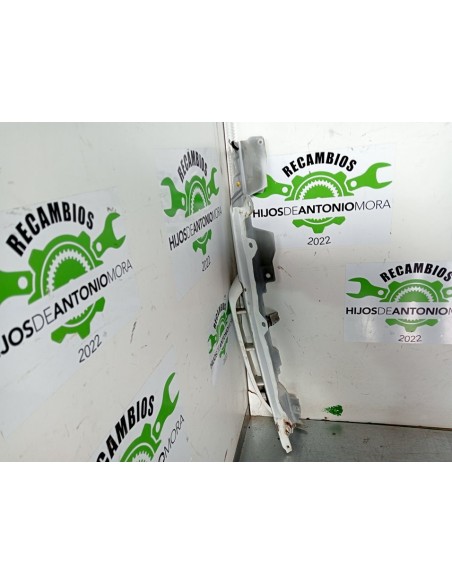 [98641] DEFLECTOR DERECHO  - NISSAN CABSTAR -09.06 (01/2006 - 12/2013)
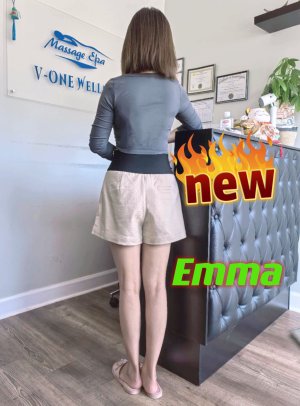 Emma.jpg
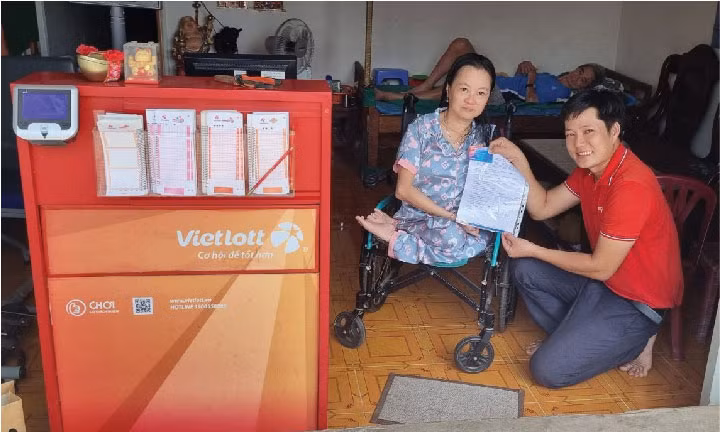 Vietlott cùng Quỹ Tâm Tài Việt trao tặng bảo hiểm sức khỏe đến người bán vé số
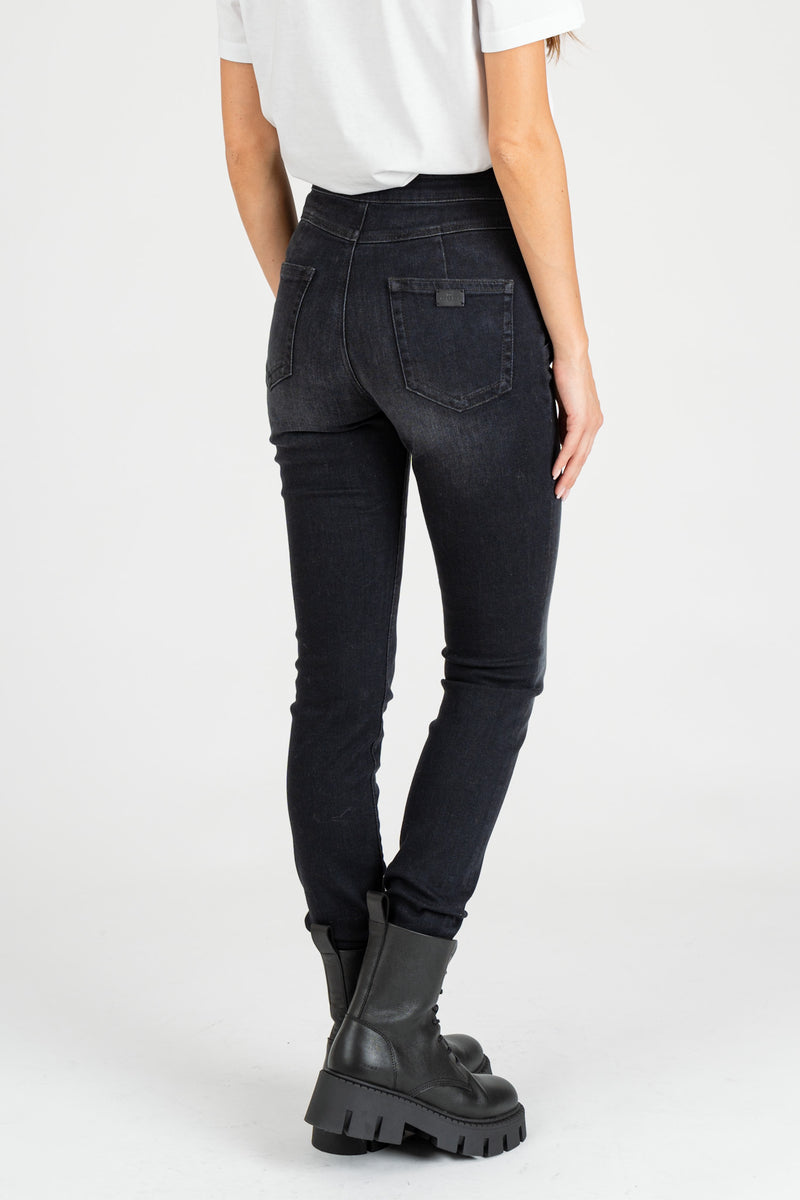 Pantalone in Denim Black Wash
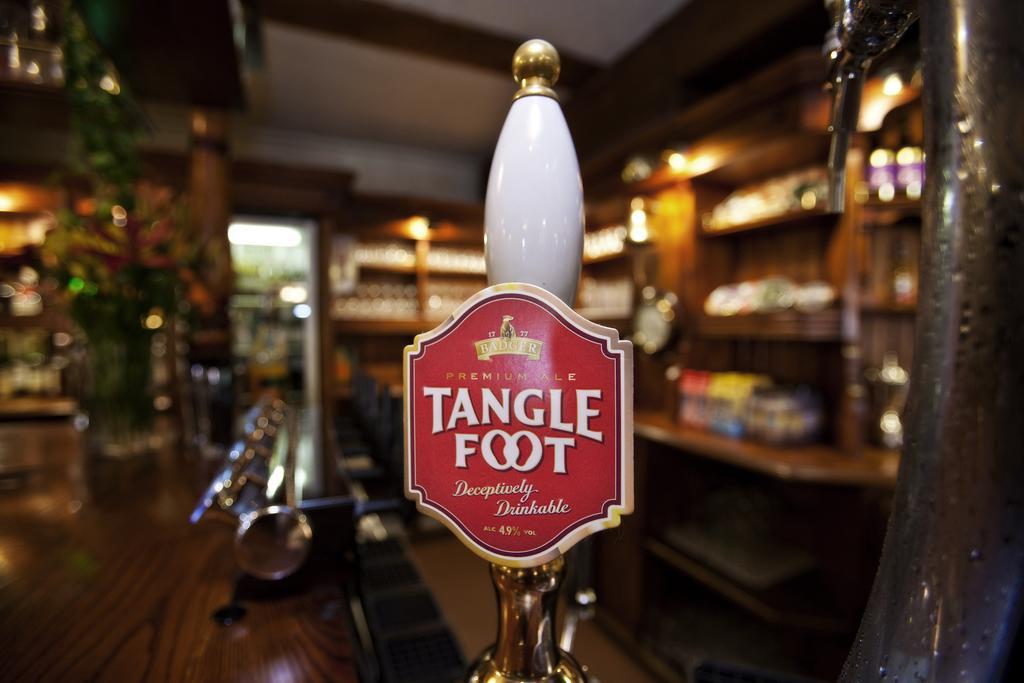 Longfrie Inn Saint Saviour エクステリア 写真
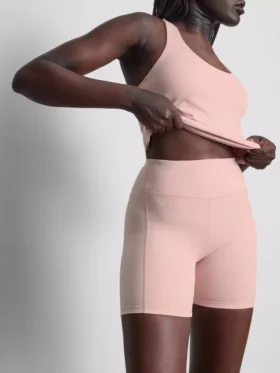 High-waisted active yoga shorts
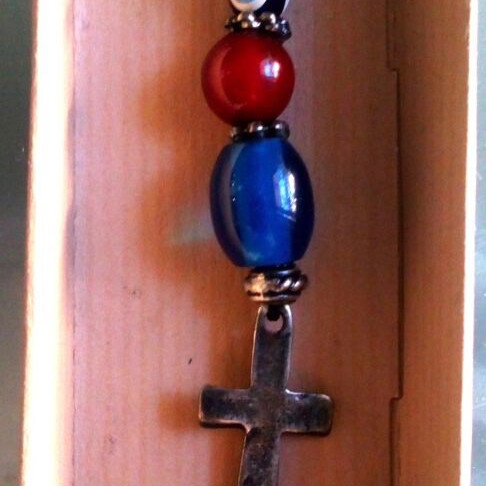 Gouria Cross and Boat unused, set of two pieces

*What is being asked*. Every line from the one containing "High-waisted active yoga shorts" through the last line of the data is to be retyped exactly, with nothing added and no pictures included.

*Exercise response*.
 High-waisted active yoga shorts
 Gouria Cross and Boat unused, set of two pieces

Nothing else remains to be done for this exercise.